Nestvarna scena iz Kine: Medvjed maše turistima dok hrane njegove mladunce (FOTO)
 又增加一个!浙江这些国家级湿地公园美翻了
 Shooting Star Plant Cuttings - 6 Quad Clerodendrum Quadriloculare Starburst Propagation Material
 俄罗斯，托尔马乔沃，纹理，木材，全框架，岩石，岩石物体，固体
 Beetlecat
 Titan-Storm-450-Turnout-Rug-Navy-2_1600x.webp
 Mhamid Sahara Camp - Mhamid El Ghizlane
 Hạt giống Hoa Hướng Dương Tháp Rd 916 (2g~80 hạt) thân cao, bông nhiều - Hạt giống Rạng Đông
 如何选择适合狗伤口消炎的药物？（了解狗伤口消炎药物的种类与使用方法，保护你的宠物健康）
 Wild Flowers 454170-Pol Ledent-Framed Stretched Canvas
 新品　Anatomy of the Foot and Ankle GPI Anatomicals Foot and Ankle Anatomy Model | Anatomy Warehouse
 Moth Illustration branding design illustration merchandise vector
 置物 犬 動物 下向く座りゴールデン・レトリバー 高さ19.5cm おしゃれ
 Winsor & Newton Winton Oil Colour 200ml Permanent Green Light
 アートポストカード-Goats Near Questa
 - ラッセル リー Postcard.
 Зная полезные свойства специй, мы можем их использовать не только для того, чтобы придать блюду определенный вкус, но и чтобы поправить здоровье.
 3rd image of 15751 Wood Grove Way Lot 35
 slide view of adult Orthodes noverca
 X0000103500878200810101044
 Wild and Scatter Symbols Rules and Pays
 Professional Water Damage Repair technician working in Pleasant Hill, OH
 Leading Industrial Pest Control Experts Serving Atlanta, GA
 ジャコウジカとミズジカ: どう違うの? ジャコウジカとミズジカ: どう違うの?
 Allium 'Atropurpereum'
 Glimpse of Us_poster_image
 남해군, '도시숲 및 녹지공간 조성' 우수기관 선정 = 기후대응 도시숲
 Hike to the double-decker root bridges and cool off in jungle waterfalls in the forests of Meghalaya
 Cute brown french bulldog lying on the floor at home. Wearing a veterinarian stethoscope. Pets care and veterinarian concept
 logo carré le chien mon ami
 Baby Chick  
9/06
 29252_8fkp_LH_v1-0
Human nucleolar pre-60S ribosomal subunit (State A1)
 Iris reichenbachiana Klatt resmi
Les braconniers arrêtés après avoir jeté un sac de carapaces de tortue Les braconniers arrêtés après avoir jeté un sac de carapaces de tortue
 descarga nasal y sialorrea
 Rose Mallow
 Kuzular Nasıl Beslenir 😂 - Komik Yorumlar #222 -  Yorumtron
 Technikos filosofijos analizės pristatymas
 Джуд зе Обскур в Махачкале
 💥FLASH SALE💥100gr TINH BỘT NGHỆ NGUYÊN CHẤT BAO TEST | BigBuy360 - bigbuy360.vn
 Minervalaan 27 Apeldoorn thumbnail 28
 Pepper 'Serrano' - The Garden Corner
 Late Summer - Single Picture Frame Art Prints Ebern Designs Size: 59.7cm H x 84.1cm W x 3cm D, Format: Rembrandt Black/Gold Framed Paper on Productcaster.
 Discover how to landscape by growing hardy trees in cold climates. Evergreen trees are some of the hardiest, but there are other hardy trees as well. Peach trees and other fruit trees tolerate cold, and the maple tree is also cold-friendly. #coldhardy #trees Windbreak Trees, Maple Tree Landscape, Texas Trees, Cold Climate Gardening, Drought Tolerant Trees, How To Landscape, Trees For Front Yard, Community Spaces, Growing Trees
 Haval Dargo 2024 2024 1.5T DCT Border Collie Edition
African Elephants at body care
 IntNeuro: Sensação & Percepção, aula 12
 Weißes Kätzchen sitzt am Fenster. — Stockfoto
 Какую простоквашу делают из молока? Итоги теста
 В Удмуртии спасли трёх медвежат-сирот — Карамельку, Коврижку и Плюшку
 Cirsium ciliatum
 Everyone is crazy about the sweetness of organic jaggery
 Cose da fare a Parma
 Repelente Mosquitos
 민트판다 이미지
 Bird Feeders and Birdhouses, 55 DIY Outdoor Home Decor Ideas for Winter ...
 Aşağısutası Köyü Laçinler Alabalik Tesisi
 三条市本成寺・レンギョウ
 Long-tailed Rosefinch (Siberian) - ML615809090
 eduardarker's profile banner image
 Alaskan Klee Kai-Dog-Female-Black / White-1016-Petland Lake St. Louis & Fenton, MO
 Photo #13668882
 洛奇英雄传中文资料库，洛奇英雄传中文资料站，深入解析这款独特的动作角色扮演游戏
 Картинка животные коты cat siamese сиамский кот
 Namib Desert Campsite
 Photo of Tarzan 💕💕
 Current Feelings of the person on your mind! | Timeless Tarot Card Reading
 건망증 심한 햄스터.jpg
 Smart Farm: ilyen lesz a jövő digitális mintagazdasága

──────────

— Task goal —
In which lines of the records does the word "Black" appear? Copy each of them.

— Your response —
 Late Summer - Single Picture Frame Art Prints Ebern Designs Size: 59.7cm H x 84.1cm W x 3cm D, Format: Rembrandt Black/Gold Framed Paper on Productcaster.
 Alaskan Klee Kai-Dog-Female-Black / White-1016-Petland Lake St. Louis & Fenton, MO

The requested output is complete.